Yang dimaksud dengan kapal-kapal kesehatan, adalah meliputi Kapal Kesehatan Militer, Kapal Kesehatan yang digunakan oleh Perhimpunan Palang Merah Nasional atau kapal perhimpunan penolong lainnya yang ditugaskan secara resmi oleh pihak yang berwenang, termasuk kapal-kapal kecil yang digunakan oleh negara atau badan penolong lainnya dan diakui secara resmi untuk operasi pertolongan di sepanjang pantai termasuk dimungkinkan pula untuk instalasi pantai yang hanya melakukan mandat kemanusiaan.

Kapal-kapal kesehatan tersebut, harus ditandai dengan lambang palang merah, dengan ketentuan sebagai berikut :
  1. Semua dataran luar kapal harus berwarna putih.
  2. Pada tiap sisi badan kapal dan pada dataran horisontal, harus digambarkan satu atau lebih palang berwarna merah sebesar mungkin, ditempatkan sedemikian rupa sehingga dapat terlihat jelas dari laut dan dari udara.
Ditentukan pula bahwa semua kapal kesehatan harus memiliki identitas diri yakni dengan menaikkan bendera nasional; demikian pula bendera putih dengan palang merah harus dikibarkan setinggi mungkin pada tiang utama kapal.

Sedangkan sekoci-sekoci pada kapal kesehatan, sekoci pantai dan semua kapal kecil yang digunakan oleh Dinas Kesehatan harus dicat putih dengan palang hitam, sedemikian rupa sehingga menarik perhatian (Pasal 43 ayat 3).

  • Konvensi Jenewa IV, 1949
Dalam Pasal 18 Konvensi Jenewa IV, ditegaskan bahwa Rumah Sakit sipil yang diorganisir untuk memberi perawatan kepada mereka yang terluka atau sakit, yang lemah serta wanita hamil, dalam keadaan bagaimanapun, tidak boleh dijadikan sasaran serangan, tetapi selalu harus dihormati dan dilindungi oleh pihak-pihak dalam pertikaian. Ditegaskan juga bahwa rumah sakit tersebut harus benar-benar berfungsi untuk merawat orang yang luka dan sakit, serta menggunakan lambang yang diakui dalam Konvensi Jenewa.

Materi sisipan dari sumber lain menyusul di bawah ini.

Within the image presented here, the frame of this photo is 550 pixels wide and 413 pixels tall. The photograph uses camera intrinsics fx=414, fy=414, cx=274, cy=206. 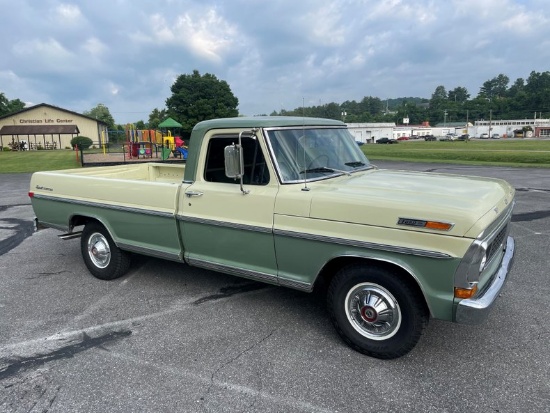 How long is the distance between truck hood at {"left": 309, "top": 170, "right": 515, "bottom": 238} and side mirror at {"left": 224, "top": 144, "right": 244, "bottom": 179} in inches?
26.9

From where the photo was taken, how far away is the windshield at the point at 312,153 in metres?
3.85

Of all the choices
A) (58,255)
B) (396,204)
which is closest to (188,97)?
(58,255)

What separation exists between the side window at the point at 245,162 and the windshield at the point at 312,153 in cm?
16

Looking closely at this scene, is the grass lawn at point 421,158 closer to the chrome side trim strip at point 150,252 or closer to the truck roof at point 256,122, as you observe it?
the chrome side trim strip at point 150,252

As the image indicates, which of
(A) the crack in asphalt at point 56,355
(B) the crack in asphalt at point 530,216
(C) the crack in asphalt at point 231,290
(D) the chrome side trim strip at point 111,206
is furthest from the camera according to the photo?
(B) the crack in asphalt at point 530,216

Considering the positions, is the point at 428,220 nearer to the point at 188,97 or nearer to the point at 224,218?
the point at 224,218

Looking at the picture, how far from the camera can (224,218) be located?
13.3 ft

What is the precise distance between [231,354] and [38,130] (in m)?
61.0

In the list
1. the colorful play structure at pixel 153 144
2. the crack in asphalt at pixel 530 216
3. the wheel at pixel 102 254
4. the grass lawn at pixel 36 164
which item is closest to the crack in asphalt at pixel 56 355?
the wheel at pixel 102 254

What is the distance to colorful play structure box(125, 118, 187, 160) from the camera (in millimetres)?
25589

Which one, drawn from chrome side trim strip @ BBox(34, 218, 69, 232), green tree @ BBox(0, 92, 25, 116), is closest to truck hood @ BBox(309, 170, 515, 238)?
chrome side trim strip @ BBox(34, 218, 69, 232)

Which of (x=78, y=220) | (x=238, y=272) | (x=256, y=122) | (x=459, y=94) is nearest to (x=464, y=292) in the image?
(x=238, y=272)

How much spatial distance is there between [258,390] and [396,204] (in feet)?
5.66

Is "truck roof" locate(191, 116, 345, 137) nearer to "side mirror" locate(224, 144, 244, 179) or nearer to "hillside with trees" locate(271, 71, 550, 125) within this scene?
"side mirror" locate(224, 144, 244, 179) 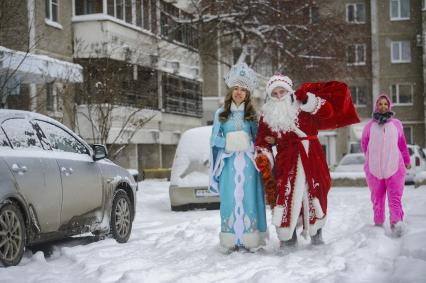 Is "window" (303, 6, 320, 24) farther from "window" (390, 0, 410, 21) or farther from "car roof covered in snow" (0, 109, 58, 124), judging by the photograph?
"car roof covered in snow" (0, 109, 58, 124)

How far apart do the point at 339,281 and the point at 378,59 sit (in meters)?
44.3

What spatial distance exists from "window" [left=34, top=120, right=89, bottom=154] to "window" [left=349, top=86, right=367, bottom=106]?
136 feet

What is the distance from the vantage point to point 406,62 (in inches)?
1876

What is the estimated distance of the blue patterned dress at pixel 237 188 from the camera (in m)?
7.41

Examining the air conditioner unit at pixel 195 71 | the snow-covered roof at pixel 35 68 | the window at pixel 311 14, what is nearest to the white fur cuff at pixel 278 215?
the snow-covered roof at pixel 35 68

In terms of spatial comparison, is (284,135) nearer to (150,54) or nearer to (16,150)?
(16,150)

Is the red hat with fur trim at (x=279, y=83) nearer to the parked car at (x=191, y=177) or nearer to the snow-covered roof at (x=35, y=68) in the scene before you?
the parked car at (x=191, y=177)

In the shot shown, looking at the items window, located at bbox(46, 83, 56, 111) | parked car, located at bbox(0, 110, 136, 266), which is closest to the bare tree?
window, located at bbox(46, 83, 56, 111)

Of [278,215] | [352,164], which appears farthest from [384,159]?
[352,164]

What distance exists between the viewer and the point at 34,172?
7090 mm

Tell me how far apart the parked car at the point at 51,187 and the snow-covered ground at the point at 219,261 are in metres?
0.28

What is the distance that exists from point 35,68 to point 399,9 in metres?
37.1

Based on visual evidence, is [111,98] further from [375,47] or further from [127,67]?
[375,47]

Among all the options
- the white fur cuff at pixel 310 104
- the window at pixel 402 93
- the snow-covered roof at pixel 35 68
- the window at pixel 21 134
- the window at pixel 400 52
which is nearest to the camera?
the window at pixel 21 134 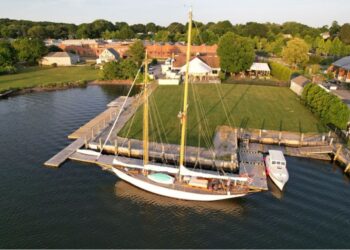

Ketentuan di atas berlaku pula pada para personil yang menjalankan pekerjaan dan administrasi rumah sakit sipil, termasuk petugas yang mencari, menyingkirkan serta mengangkut dan merawat orang-orang sipil dan mereka yang luka dan sakit, yang lemah dan wanita hamil (Pasal 20). Demikian pula bagi iring-iringan (konvoi) kendaraan atau kereta api rumah sakit atau kapal-kapal yang disediakan khusus untuk itu (Pasal 21); serta kapal terbang yang digunakan khusus untuk hal tersebut (Pasal 22).

Sumber :
Bab VII Konvensi Jenewa I, Bab VI Konvensi Jenewa II, dan Pasal 18-22 Konvensi Jenewa IV.